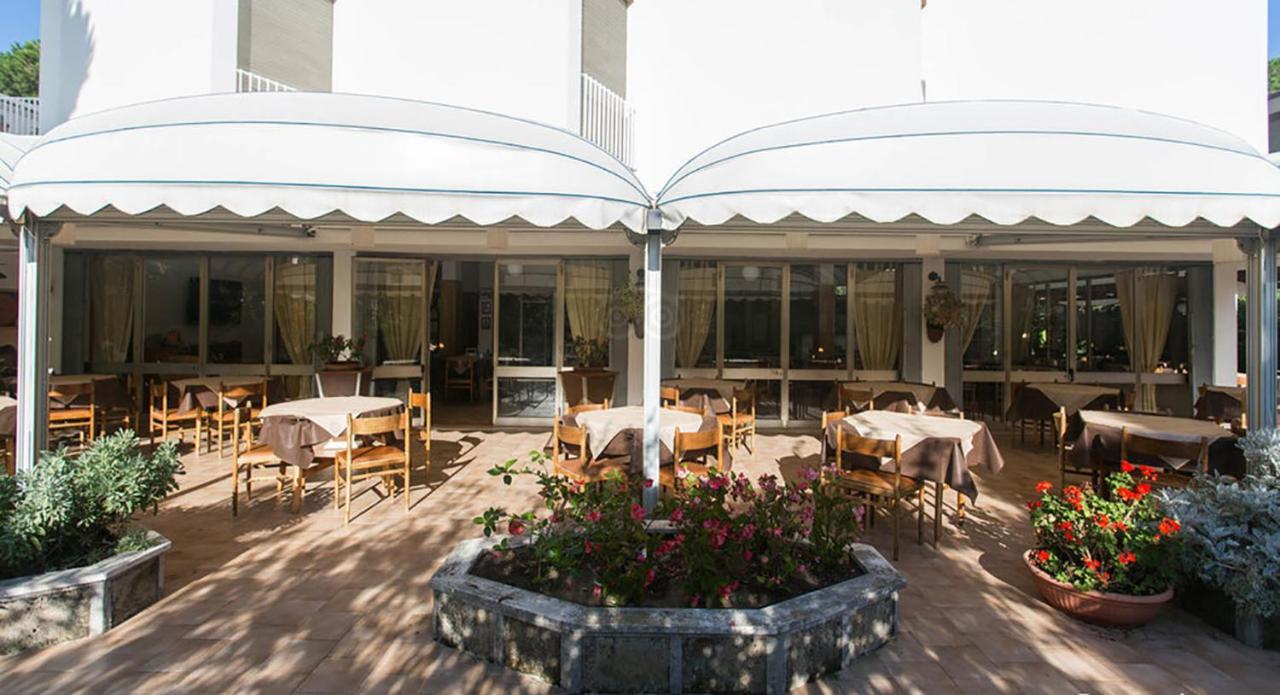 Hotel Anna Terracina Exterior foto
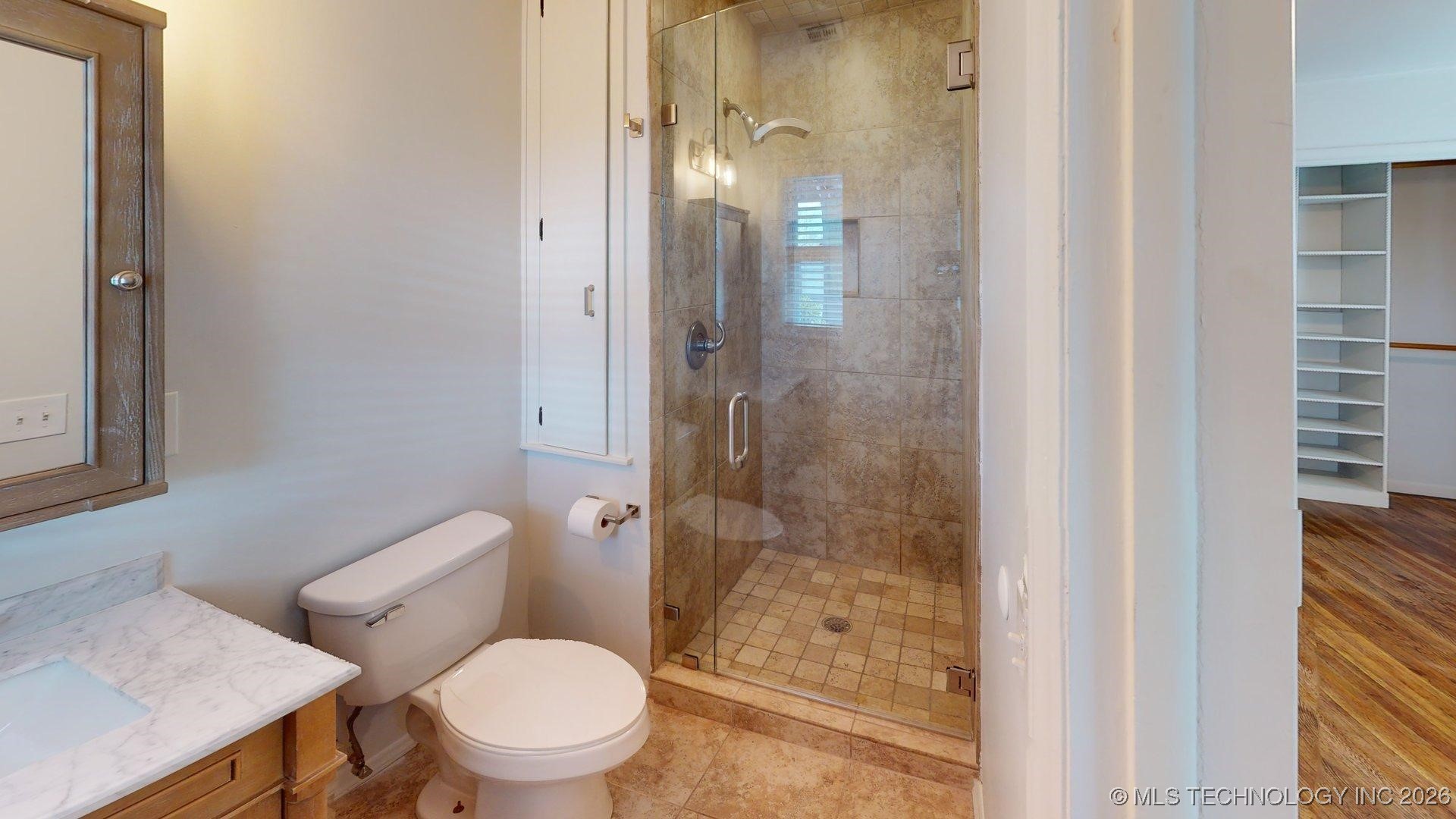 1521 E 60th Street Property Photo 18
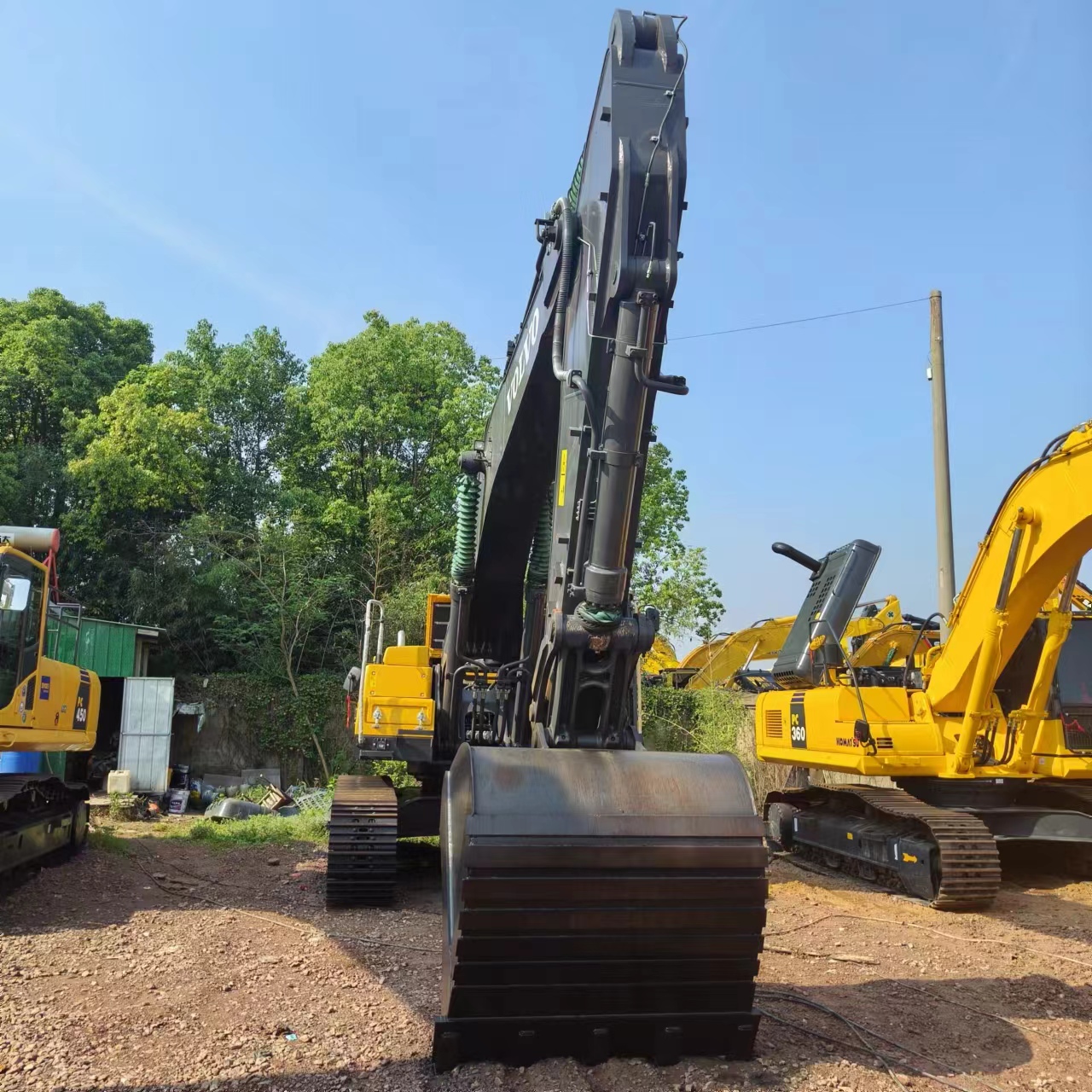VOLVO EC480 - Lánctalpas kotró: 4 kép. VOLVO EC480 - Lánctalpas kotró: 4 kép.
◇ ◇ ◇ ◇
*WHAT IS REQUIRED:*
Word for word, output the whole listing, but not its pictures.

*OUTPUT OF THE TASK:*
 Hotel Anna Terracina Exterior foto
 1521 E 60th Street Property Photo 18
VOLVO EC480 - Lánctalpas kotró: 4 kép. VOLVO EC480 - Lánctalpas kotró: 4 kép.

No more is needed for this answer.